Repeat each line of the material word for word.
# # # #
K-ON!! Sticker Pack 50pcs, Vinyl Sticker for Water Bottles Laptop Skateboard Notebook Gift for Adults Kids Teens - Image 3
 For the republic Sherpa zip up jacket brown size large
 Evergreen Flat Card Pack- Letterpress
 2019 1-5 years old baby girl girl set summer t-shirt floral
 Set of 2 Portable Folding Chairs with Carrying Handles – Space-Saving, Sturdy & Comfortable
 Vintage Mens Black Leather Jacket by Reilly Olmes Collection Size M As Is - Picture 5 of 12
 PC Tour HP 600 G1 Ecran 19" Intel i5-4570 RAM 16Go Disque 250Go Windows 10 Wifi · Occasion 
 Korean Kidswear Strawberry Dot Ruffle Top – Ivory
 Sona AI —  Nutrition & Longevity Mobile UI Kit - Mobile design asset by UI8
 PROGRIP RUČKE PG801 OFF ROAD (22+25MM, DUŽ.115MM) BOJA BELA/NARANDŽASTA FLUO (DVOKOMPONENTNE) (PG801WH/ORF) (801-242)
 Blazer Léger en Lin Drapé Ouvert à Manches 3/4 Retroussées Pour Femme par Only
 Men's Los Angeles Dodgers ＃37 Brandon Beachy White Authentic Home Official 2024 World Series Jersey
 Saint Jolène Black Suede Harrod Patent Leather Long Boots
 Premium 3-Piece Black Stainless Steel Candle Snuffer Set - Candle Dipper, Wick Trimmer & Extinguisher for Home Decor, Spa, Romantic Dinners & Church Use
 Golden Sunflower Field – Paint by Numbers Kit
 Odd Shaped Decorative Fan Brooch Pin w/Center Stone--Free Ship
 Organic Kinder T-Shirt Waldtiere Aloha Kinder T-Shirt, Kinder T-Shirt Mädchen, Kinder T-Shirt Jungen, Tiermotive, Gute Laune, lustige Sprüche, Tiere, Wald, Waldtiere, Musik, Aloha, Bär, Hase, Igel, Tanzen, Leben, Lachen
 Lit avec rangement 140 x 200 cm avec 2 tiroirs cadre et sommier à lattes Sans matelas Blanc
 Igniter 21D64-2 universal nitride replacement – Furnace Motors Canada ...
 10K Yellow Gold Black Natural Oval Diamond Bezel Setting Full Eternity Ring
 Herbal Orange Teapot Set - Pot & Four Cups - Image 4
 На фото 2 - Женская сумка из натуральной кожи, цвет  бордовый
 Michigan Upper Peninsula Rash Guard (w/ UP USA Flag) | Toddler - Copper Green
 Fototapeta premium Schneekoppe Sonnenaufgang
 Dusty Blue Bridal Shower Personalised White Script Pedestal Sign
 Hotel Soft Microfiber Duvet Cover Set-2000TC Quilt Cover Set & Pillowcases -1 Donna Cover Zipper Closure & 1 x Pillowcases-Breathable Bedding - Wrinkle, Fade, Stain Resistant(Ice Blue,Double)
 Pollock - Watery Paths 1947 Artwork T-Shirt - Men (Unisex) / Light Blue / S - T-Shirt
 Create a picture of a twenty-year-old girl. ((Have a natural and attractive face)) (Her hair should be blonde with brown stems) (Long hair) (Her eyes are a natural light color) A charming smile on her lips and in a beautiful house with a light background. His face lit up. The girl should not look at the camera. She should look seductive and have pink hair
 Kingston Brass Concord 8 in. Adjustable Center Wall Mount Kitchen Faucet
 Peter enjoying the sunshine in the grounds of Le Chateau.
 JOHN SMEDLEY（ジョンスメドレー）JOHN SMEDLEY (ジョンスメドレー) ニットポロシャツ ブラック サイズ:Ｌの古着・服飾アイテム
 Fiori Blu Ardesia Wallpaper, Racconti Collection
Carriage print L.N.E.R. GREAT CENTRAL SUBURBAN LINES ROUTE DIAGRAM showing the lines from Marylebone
# # # #
● **Solution to this task**:
K-ON!! Sticker Pack 50pcs, Vinyl Sticker for Water Bottles Laptop Skateboard Notebook Gift for Adults Kids Teens - Image 3
 For the republic Sherpa zip up jacket brown size large
 Evergreen Flat Card Pack- Letterpress
 2019 1-5 years old baby girl girl set summer t-shirt floral
 Set of 2 Portable Folding Chairs with Carrying Handles – Space-Saving, Sturdy & Comfortable
 Vintage Mens Black Leather Jacket by Reilly Olmes Collection Size M As Is - Picture 5 of 12
 PC Tour HP 600 G1 Ecran 19" Intel i5-4570 RAM 16Go Disque 250Go Windows 10 Wifi · Occasion 
 Korean Kidswear Strawberry Dot Ruffle Top – Ivory
 Sona AI —  Nutrition & Longevity Mobile UI Kit - Mobile design asset by UI8
 PROGRIP RUČKE PG801 OFF ROAD (22+25MM, DUŽ.115MM) BOJA BELA/NARANDŽASTA FLUO (DVOKOMPONENTNE) (PG801WH/ORF) (801-242)
 Blazer Léger en Lin Drapé Ouvert à Manches 3/4 Retroussées Pour Femme par Only
 Men's Los Angeles Dodgers ＃37 Brandon Beachy White Authentic Home Official 2024 World Series Jersey
 Saint Jolène Black Suede Harrod Patent Leather Long Boots
 Premium 3-Piece Black Stainless Steel Candle Snuffer Set - Candle Dipper, Wick Trimmer & Extinguisher for Home Decor, Spa, Romantic Dinners & Church Use
 Golden Sunflower Field – Paint by Numbers Kit
 Odd Shaped Decorative Fan Brooch Pin w/Center Stone--Free Ship
 Organic Kinder T-Shirt Waldtiere Aloha Kinder T-Shirt, Kinder T-Shirt Mädchen, Kinder T-Shirt Jungen, Tiermotive, Gute Laune, lustige Sprüche, Tiere, Wald, Waldtiere, Musik, Aloha, Bär, Hase, Igel, Tanzen, Leben, Lachen
 Lit avec rangement 140 x 200 cm avec 2 tiroirs cadre et sommier à lattes Sans matelas Blanc
 Igniter 21D64-2 universal nitride replacement – Furnace Motors Canada ...
 10K Yellow Gold Black Natural Oval Diamond Bezel Setting Full Eternity Ring
 Herbal Orange Teapot Set - Pot & Four Cups - Image 4
 На фото 2 - Женская сумка из натуральной кожи, цвет  бордовый
 Michigan Upper Peninsula Rash Guard (w/ UP USA Flag) | Toddler - Copper Green
 Fototapeta premium Schneekoppe Sonnenaufgang
 Dusty Blue Bridal Shower Personalised White Script Pedestal Sign
 Hotel Soft Microfiber Duvet Cover Set-2000TC Quilt Cover Set & Pillowcases -1 Donna Cover Zipper Closure & 1 x Pillowcases-Breathable Bedding - Wrinkle, Fade, Stain Resistant(Ice Blue,Double)
 Pollock - Watery Paths 1947 Artwork T-Shirt - Men (Unisex) / Light Blue / S - T-Shirt
 Create a picture of a twenty-year-old girl. ((Have a natural and attractive face)) (Her hair should be blonde with brown stems) (Long hair) (Her eyes are a natural light color) A charming smile on her lips and in a beautiful house with a light background. His face lit up. The girl should not look at the camera. She should look seductive and have pink hair
 Kingston Brass Concord 8 in. Adjustable Center Wall Mount Kitchen Faucet
 Peter enjoying the sunshine in the grounds of Le Chateau.
 JOHN SMEDLEY（ジョンスメドレー）JOHN SMEDLEY (ジョンスメドレー) ニットポロシャツ ブラック サイズ:Ｌの古着・服飾アイテム
 Fiori Blu Ardesia Wallpaper, Racconti Collection
Carriage print L.N.E.R. GREAT CENTRAL SUBURBAN LINES ROUTE DIAGRAM showing the lines from Marylebone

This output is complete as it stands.